#### Data for analysis
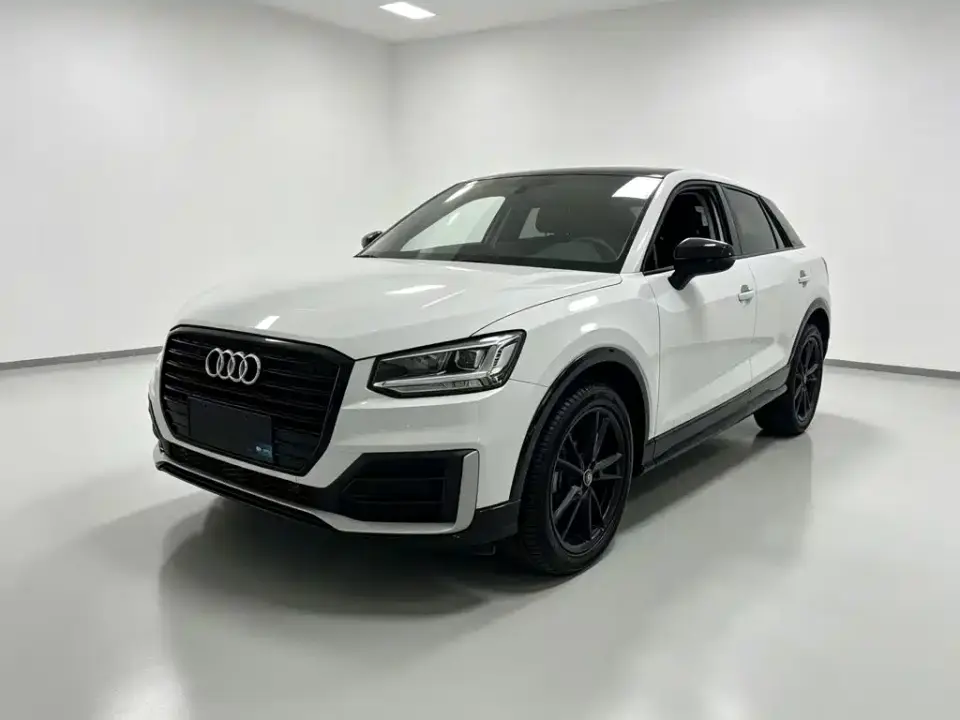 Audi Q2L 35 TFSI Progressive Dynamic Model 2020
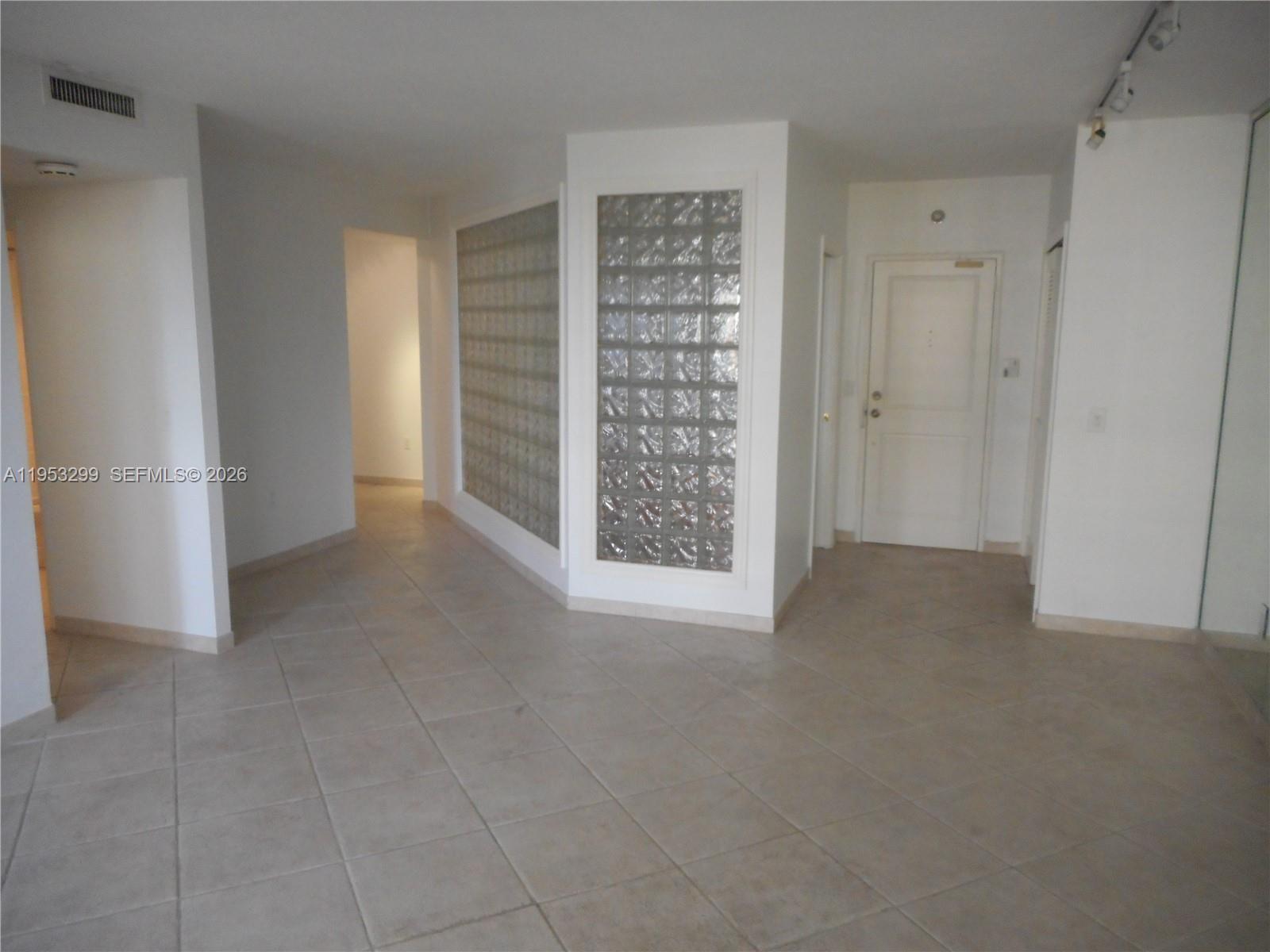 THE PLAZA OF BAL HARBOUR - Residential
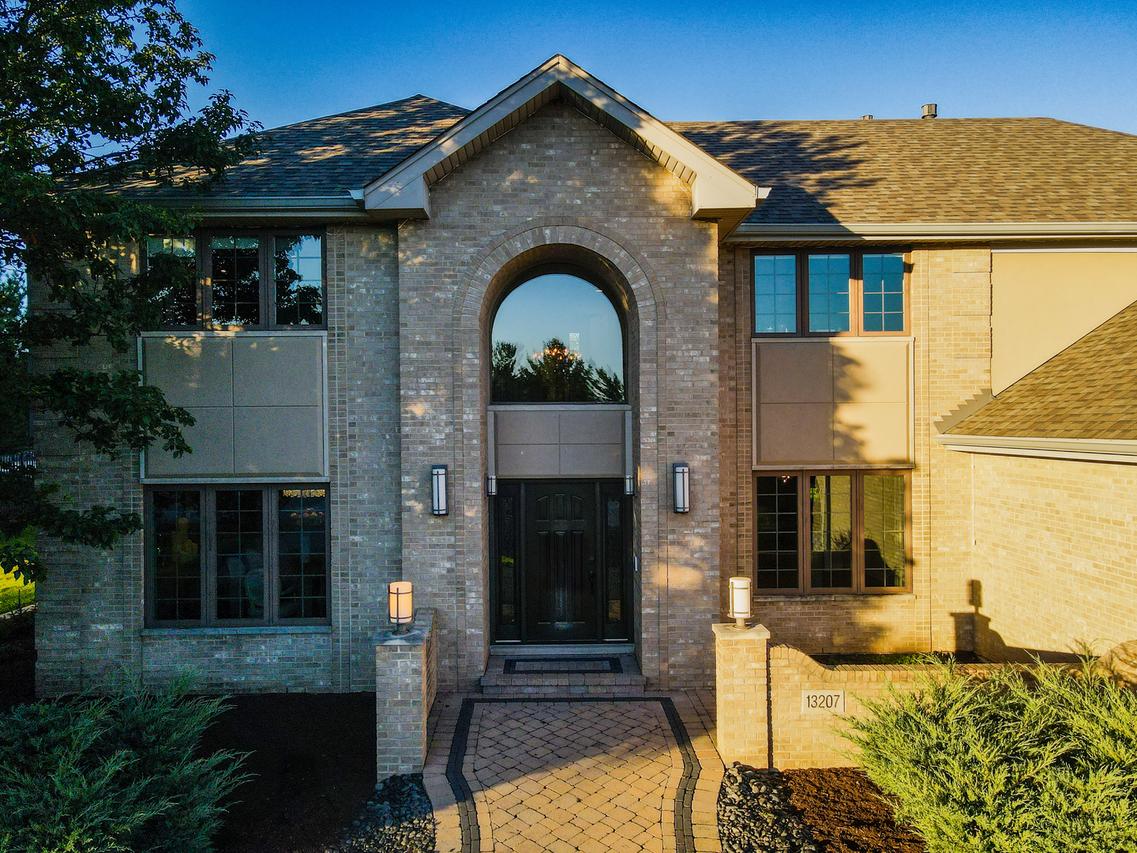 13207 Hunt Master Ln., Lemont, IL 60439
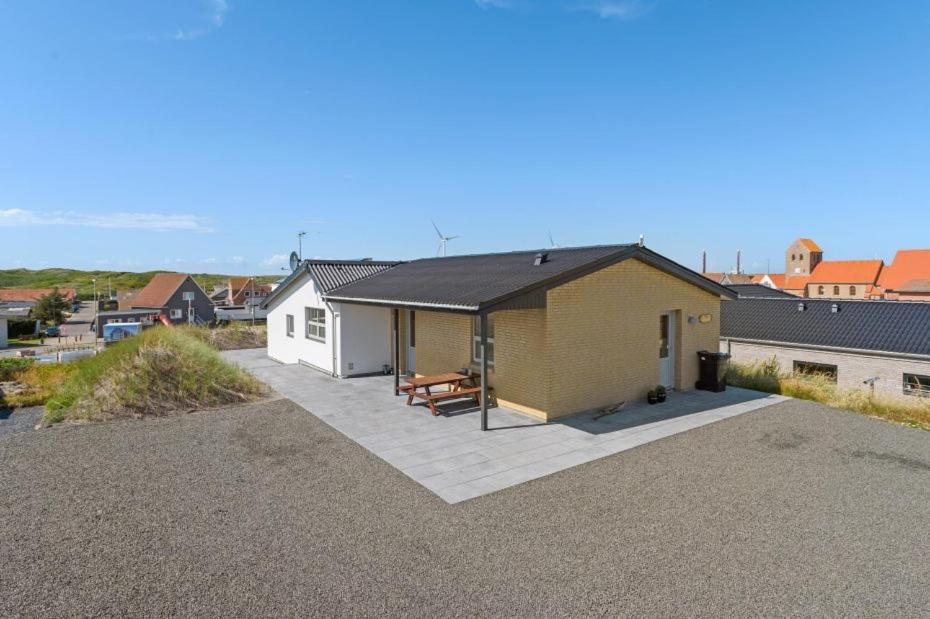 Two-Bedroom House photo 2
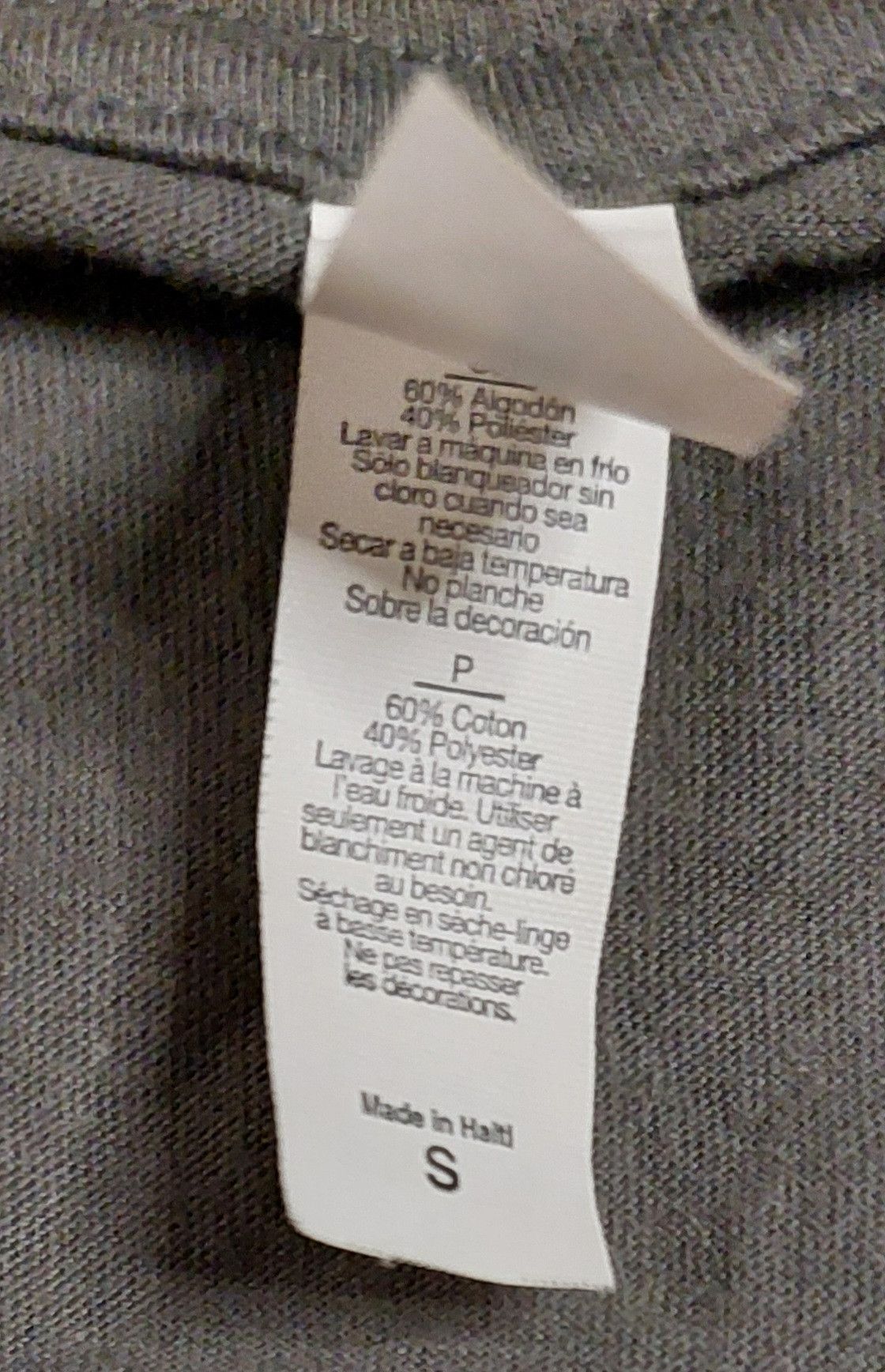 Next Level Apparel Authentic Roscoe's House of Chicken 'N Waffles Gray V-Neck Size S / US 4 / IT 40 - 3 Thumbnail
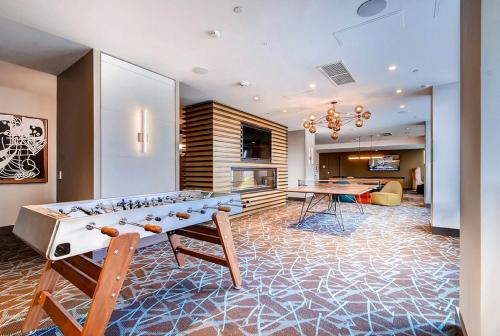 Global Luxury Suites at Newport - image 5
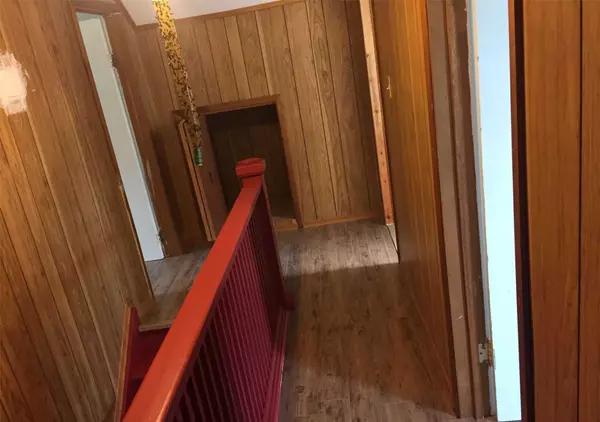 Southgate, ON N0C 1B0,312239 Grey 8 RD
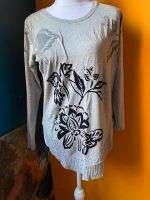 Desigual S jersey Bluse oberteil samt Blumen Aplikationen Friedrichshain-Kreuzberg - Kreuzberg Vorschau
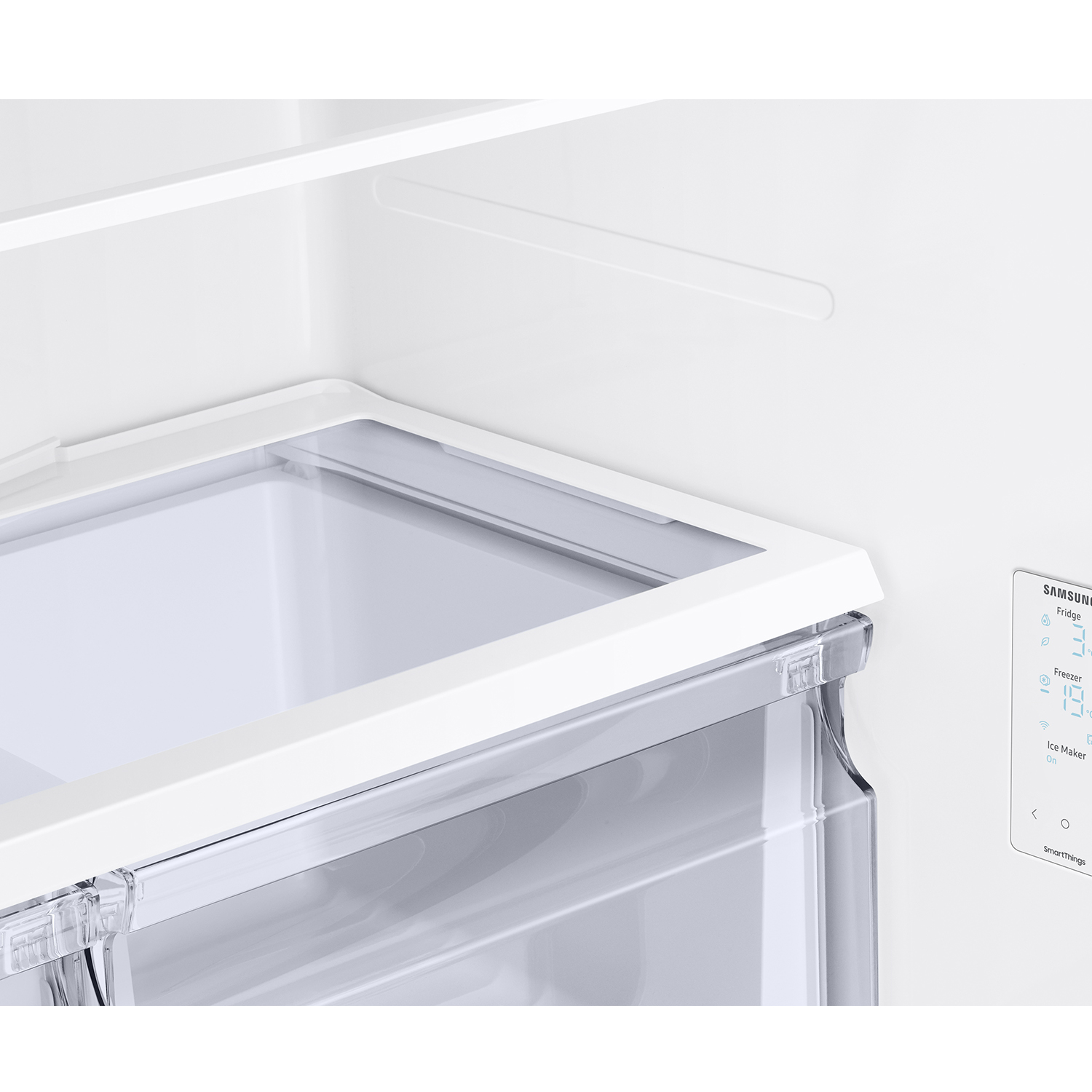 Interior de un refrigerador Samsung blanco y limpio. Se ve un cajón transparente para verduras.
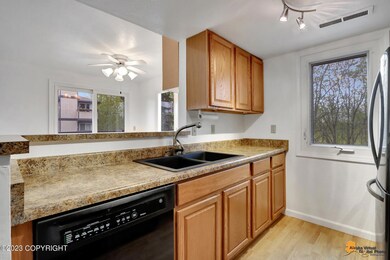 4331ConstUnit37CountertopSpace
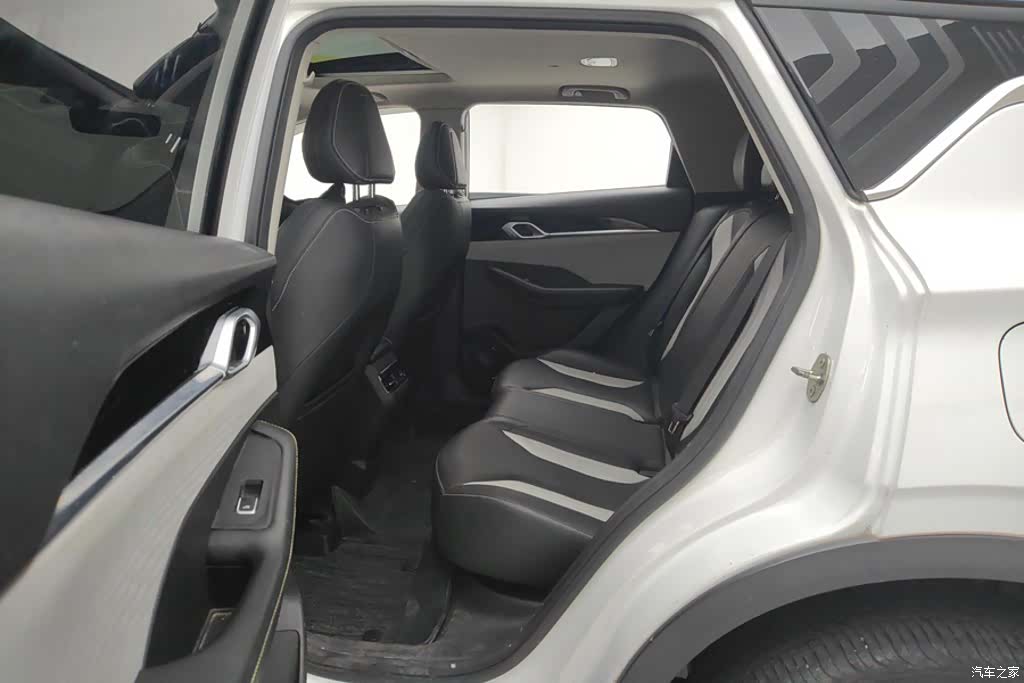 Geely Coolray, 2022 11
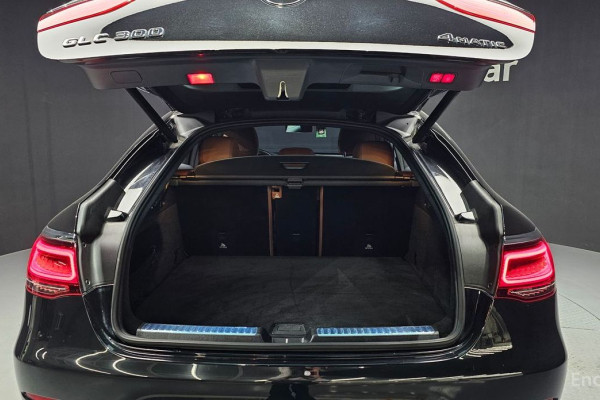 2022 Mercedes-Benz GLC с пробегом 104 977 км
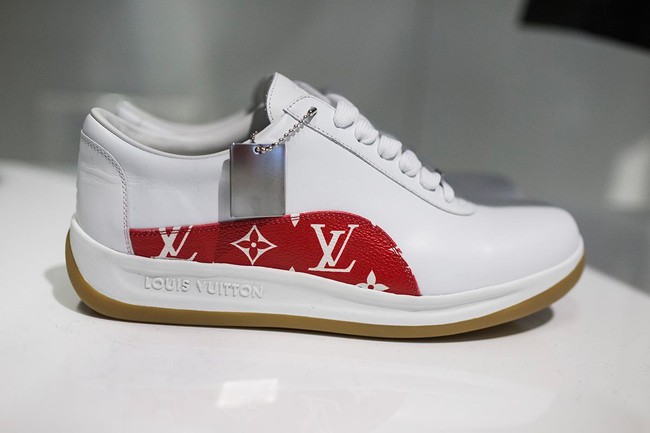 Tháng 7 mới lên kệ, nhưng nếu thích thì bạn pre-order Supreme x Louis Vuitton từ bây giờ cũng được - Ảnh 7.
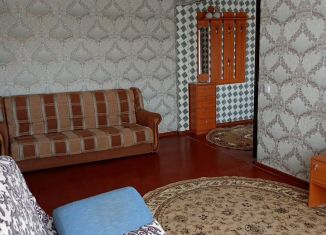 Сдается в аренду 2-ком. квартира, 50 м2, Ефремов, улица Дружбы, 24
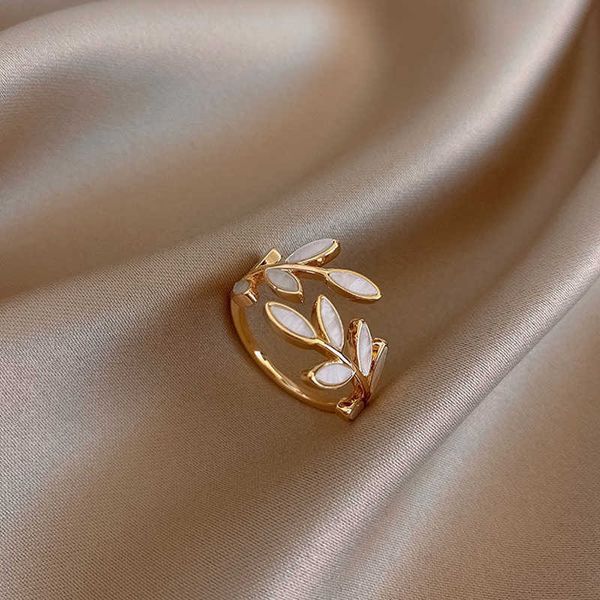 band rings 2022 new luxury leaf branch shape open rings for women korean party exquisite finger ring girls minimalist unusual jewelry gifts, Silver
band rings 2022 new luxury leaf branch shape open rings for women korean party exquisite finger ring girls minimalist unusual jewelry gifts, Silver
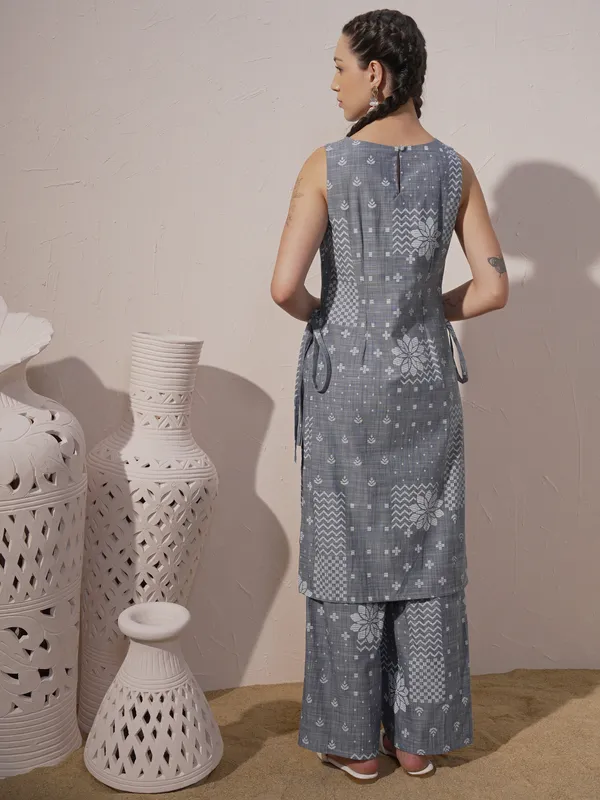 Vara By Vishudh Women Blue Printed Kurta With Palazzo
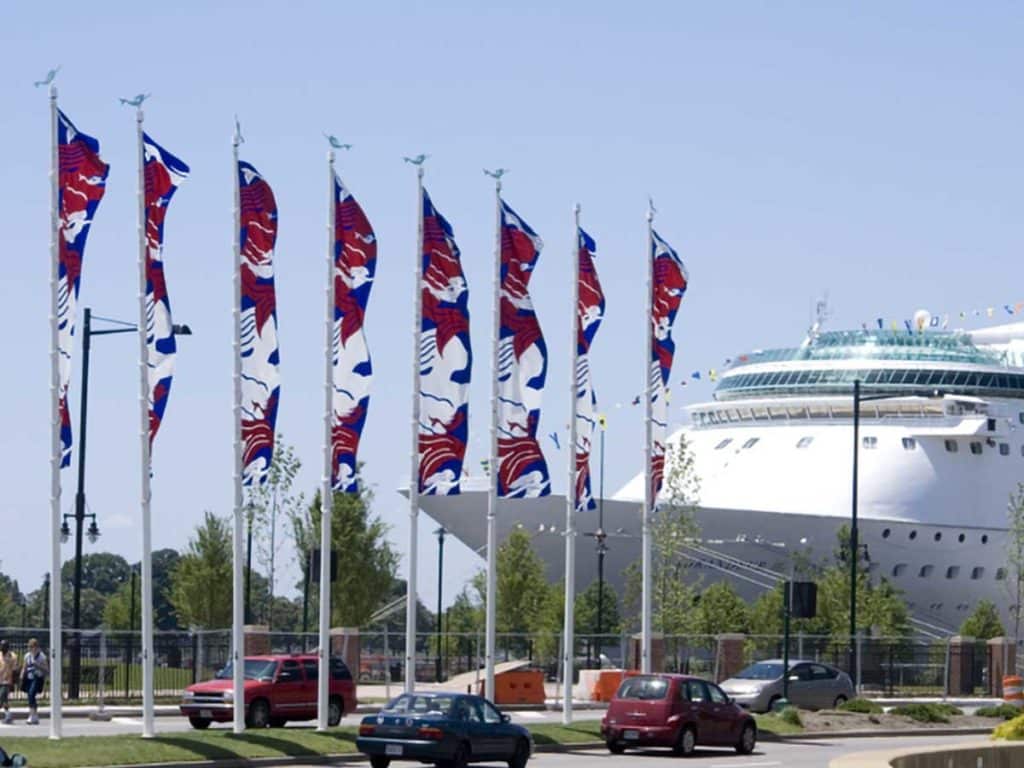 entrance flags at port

#### Required work
An exact copy is needed of the entries above, starting at the line that holds "Desigual S jersey" and stopping at the line that holds "Сдается в аренду", both kept; pictures stay out.

#### Answer
 Desigual S jersey Bluse oberteil samt Blumen Aplikationen Friedrichshain-Kreuzberg - Kreuzberg Vorschau
 Interior de un refrigerador Samsung blanco y limpio. Se ve un cajón transparente para verduras.
 4331ConstUnit37CountertopSpace
 Geely Coolray, 2022 11
 2022 Mercedes-Benz GLC с пробегом 104 977 км
 Tháng 7 mới lên kệ, nhưng nếu thích thì bạn pre-order Supreme x Louis Vuitton từ bây giờ cũng được - Ảnh 7.
 Сдается в аренду 2-ком. квартира, 50 м2, Ефремов, улица Дружбы, 24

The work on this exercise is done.